A multi-layered testing strategy is crucial for a refactor of this scale.

### Tier 1: Unit Testing (Mock Driver)

The biggest advantage of this new architecture is testability. You can now test your entire `BLEInterface` and fragmentation logic without any Bluetooth hardware.

1.  **Create a `MockBLEDriver`:**
    *   Create a `tests/mock_ble_driver.py` file.
    *   The `MockBLEDriver` class will implement `BLEDriverInterface`.
    *   Its methods will not use Bluetooth. Instead, they will simulate it. For example, its `send()` method could store the data in a list and immediately trigger the `on_data_received` callback on a paired "virtual" peer's mock driver.
2.  **Write `BLEInterface` Unit Tests:**
    *   Write `pytest` tests that initialize `BLEInterface` with the `MockBLEDriver`.
    *   **Test Case 1: Fragmentation.** Call `BLEInterface.process_outgoing()` with a large packet. Assert that the `mock_driver.send()` method was called multiple times with correctly fragmented data (correct headers, sequence numbers, etc.).
    *   **Test Case 2: Reassembly.** Have the `mock_driver` call the `on_data_received` callback with a sequence of fragments. Assert that `BLEInterface` correctly reassembles them and passes the complete packet to `RNS.Transport.inbound`.
    *   **Test Case 3: Peer Lifecycle.** Simulate device discovery, connection, and disconnection events from the mock driver and assert that `BLEInterface` creates and destroys its internal peer representations correctly.

### Tier 2: Integration Testing (Driver Level)

This tier tests your actual `BleakDriver` implementation against real hardware.

1.  **Create Test Scripts:** Write simple Python scripts that use *only* the `BleakDriver`.
2.  **Setup:** You will need two machines with Bluetooth, or one machine and your Columba app on an Android device.
3.  **Test Cases:**
    *   **Scanning Test:** Run a script that starts the driver and prints discovered devices. Verify that it finds your other test device.
    *   **Connection Test:** Write a script to connect to the test device. Verify that the `on_device_connected` callback fires and that `driver.connected_peers` is updated.
    *   **Data I/O Test:** After connecting, use `driver.send()` to send a simple "hello world" byte string. On the other device, verify that the bytes are received correctly. Test this in both directions.
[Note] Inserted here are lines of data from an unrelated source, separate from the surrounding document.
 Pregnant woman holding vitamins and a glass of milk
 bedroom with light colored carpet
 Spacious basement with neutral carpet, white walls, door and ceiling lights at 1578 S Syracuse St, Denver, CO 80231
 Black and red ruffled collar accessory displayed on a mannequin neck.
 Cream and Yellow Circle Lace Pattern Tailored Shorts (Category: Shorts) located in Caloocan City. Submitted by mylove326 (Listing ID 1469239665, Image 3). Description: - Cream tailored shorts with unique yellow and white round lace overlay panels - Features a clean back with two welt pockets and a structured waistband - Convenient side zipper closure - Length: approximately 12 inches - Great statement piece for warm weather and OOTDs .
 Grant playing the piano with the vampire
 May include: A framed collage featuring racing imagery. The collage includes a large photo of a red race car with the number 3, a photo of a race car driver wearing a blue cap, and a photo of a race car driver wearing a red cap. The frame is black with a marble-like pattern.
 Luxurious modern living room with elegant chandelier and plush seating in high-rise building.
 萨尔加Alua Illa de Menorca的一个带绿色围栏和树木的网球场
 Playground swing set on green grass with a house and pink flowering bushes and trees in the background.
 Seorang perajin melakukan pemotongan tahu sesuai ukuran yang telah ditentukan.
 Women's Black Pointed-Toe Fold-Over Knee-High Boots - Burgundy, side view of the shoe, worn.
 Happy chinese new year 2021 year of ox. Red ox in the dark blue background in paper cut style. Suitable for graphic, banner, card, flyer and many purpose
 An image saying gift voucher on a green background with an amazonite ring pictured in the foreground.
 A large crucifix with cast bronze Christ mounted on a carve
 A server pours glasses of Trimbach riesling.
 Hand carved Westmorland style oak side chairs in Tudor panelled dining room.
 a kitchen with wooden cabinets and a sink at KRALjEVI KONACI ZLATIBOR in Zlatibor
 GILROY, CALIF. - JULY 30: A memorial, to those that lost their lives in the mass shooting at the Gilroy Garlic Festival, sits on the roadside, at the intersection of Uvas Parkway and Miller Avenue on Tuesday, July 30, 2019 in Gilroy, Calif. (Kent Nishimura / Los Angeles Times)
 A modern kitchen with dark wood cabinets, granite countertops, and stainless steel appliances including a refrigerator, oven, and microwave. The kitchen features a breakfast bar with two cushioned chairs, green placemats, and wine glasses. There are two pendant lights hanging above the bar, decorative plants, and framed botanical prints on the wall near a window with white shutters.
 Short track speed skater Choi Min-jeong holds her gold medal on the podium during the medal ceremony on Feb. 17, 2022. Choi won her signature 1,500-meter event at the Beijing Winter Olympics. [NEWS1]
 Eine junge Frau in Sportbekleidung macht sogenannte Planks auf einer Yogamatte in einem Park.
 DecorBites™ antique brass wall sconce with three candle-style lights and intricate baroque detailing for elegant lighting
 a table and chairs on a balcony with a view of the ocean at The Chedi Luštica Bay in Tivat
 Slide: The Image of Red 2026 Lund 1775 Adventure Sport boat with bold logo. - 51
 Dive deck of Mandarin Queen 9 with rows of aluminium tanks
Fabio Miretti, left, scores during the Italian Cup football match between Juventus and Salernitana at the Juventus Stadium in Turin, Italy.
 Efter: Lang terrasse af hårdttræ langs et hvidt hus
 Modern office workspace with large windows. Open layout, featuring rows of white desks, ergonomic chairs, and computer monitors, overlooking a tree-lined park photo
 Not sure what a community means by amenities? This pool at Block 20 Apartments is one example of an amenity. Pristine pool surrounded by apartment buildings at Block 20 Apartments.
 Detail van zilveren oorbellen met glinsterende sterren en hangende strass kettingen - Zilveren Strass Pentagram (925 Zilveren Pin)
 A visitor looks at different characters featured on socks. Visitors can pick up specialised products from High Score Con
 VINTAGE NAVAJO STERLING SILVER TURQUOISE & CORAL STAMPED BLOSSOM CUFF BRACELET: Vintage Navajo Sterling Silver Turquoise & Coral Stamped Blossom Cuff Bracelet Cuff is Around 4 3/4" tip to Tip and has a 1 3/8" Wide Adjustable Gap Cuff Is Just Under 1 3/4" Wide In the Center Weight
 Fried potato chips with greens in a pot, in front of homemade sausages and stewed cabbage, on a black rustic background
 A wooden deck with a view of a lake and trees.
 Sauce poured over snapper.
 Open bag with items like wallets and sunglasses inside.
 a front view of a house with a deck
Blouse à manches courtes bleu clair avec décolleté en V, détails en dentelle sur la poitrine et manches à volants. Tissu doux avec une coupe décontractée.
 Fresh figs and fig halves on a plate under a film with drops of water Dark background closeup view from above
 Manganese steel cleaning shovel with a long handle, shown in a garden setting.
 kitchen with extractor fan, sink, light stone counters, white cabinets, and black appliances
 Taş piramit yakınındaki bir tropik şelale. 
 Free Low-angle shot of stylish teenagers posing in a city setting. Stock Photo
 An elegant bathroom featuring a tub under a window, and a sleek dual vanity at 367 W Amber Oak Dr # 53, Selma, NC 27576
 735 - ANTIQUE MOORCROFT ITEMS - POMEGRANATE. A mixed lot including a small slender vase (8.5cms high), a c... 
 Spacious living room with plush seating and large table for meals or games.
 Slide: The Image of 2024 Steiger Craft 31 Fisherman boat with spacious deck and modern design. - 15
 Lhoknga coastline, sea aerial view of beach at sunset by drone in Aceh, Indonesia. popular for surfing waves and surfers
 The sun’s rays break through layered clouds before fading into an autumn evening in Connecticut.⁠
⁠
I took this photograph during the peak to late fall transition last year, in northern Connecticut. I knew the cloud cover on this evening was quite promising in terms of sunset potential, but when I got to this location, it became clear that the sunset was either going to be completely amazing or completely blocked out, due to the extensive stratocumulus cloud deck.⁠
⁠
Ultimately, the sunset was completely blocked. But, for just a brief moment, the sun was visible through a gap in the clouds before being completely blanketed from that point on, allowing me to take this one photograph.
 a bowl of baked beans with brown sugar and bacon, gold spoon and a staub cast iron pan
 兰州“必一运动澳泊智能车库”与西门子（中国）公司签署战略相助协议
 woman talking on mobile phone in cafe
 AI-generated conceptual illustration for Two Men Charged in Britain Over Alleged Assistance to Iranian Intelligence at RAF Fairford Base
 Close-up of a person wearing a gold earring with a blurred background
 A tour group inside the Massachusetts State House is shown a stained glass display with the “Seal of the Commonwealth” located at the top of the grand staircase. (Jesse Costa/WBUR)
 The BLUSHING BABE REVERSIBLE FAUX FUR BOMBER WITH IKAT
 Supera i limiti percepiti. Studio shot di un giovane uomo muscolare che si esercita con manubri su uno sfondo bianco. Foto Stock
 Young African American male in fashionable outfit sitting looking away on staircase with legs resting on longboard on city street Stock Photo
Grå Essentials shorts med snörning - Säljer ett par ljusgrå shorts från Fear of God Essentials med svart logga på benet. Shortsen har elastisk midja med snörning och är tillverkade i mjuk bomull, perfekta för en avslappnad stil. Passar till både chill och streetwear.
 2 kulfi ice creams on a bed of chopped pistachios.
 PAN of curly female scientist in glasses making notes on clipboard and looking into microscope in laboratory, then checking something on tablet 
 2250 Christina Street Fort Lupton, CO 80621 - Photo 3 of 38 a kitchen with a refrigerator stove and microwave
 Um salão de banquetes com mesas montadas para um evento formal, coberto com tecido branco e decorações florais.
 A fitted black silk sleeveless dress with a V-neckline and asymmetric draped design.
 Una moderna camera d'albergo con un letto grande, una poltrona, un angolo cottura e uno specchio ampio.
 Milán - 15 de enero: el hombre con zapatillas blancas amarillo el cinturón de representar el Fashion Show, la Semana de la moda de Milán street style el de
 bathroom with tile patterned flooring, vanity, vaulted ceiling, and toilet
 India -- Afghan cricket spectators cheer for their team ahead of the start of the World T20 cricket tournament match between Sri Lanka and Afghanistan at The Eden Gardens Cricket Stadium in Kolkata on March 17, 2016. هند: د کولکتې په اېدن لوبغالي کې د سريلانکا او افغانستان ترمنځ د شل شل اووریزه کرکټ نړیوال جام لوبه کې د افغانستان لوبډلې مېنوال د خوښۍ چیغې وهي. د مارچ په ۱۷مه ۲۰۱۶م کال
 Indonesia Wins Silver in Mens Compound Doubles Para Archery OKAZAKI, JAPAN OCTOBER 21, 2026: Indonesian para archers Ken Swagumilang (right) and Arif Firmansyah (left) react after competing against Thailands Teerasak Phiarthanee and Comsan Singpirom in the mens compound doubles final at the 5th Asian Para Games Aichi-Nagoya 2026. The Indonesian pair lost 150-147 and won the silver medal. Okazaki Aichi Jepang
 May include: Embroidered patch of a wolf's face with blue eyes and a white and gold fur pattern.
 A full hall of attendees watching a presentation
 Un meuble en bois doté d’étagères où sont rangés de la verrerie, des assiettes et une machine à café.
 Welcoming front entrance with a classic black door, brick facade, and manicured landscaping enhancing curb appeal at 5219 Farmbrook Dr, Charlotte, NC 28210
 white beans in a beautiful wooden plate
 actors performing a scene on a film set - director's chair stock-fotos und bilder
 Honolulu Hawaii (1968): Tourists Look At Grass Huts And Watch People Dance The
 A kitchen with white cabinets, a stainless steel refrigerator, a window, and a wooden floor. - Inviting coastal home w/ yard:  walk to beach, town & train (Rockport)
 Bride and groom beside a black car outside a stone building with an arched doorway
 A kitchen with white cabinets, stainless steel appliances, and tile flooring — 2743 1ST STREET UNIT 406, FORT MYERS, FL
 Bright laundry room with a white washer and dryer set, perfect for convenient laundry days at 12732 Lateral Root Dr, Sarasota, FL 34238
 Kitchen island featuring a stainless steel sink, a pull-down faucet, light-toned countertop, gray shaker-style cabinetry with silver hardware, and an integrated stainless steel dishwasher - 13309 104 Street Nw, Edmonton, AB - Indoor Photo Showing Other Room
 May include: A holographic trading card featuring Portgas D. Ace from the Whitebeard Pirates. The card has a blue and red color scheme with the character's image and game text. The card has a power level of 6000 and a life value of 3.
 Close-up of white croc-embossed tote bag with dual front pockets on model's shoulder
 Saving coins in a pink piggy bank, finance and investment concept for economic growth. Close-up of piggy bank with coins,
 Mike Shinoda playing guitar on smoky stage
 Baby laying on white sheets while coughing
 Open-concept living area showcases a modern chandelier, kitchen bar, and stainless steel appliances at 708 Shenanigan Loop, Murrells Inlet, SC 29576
### Tier 3: End-to-End Testing (Full Stack)

This is the final validation, testing the entire refactored application.

1.  **Run Full Application:** Start the full Reticulum application on two Linux machines using the refactored code.
2.  **Test Cases:**
    *   **Announce Exchange:** Verify that the two nodes discover each other and exchange announces. Check the logs for successful path discovery.
    *   **LXMF Message Transfer:** Use a tool like `lxmf-send` or a simple script to send a message from one node to the other. Verify it is received.
    *   **Cross-Compatibility Test:** Test interoperability between a refactored pure Python node and your Columba Android application.

By following this guide and testing plan, you can confidently execute the refactor, resulting in a more robust, maintainable, and future-proof architecture for your project.